Психология не может лежать в основе социальной науки. Во-первых, она сама является одной из социальных наук: «природа человека» изменяется с изменением социальных институтов, поэтому, чтобы ее исследовать, необходимо исследовать сами эти институты. Во-вторых, социальные науки имеют дело по большей части с непреднамеренными следствиями, или отзвуками (repercussions), человеческих действий. «Непреднамеренность» в этом контексте не означает «несознательности»; скорее, речь идет о следствиях, затрагивающих все интересы человека (social agent), сознательные или бессознательные. Так, любовь к горам и одиночеству с точки зрения психологии вполне объяснима, однако если бы горы любили все, то одиночество на этом бы и закончилось, а это уже не факт психологии. Но проблемы такого рода как раз и составляют самую суть социальной теории.

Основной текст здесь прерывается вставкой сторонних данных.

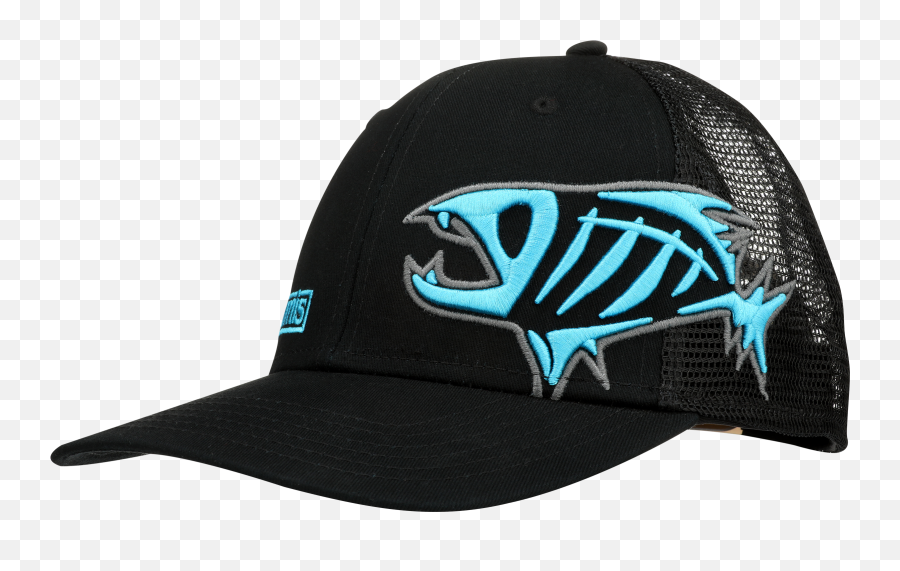 Gloomis Fishing Gloomis Chase Logo Cap - Black One Size Fits Most Ghatchasebk Emoji,Blank Jurassic Park Logo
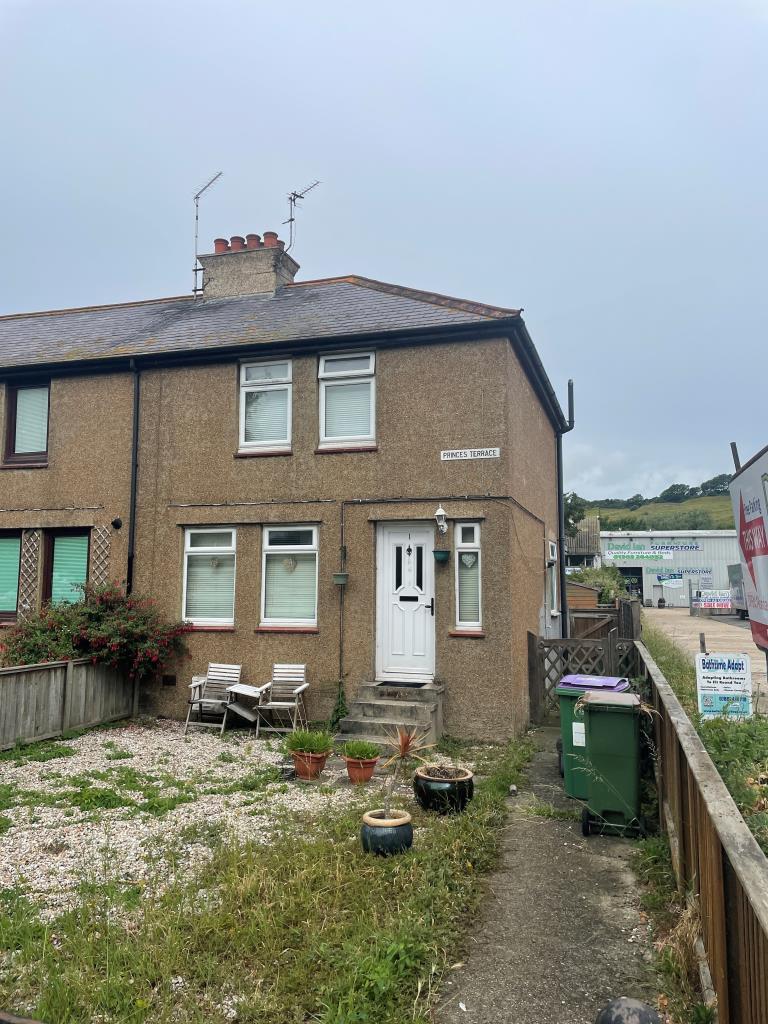 1 Princes Terrace, Dymchurch Road, Hythe, Kent 3 bed end of terrace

Таким образом, мы приходим к совершенно другому выводу, чем Конт и Милль. Мы не предлагаем сводить социологию к якобы твердой основе, психологии человека. С нашей точки зрения, человеческий фактор — крайне неопределенный и изменчивый элемент социальной жизни и социальных институтов. По сути дела, этот элемент в конечном счете не может находиться под полным контролем институтов (первым это увидел Спиноза); всякая попытка взять его под контроль приводит к тирании, т. е. к всевластию этого же самого человеческого фактора, господству прихотей немногих людей или даже одного человека.
Но нельзя ли найти способ контроля над человеческим фактором при помощи науки — этой противоположности произвола? Несомненно, биология и психология могут или смогут в самое ближайшее время решить «проблему преобразования человека». Однако это неизбежно приведет к разрушению объективности и тем самым самой науки, поскольку и та и другая основаны на свободной конкуренции мысли, т. е. на свободе. Чтобы развитие разума продолжалось и разум мог выжить, должно быть сохранено разнообразие индивидуальных мнений, целей и задач. (Вмешательство и контроль оправданы только в самых крайних случаях, когда под угрозой оказывается политическая свобода.) Даже эмоционально привлекательный призыв к общему делу, пусть самому прекрасному, есть призыв отказаться от соперничества моральных позиций, взаимной критики и аргументации. Это призыв отказаться от рационального мышления.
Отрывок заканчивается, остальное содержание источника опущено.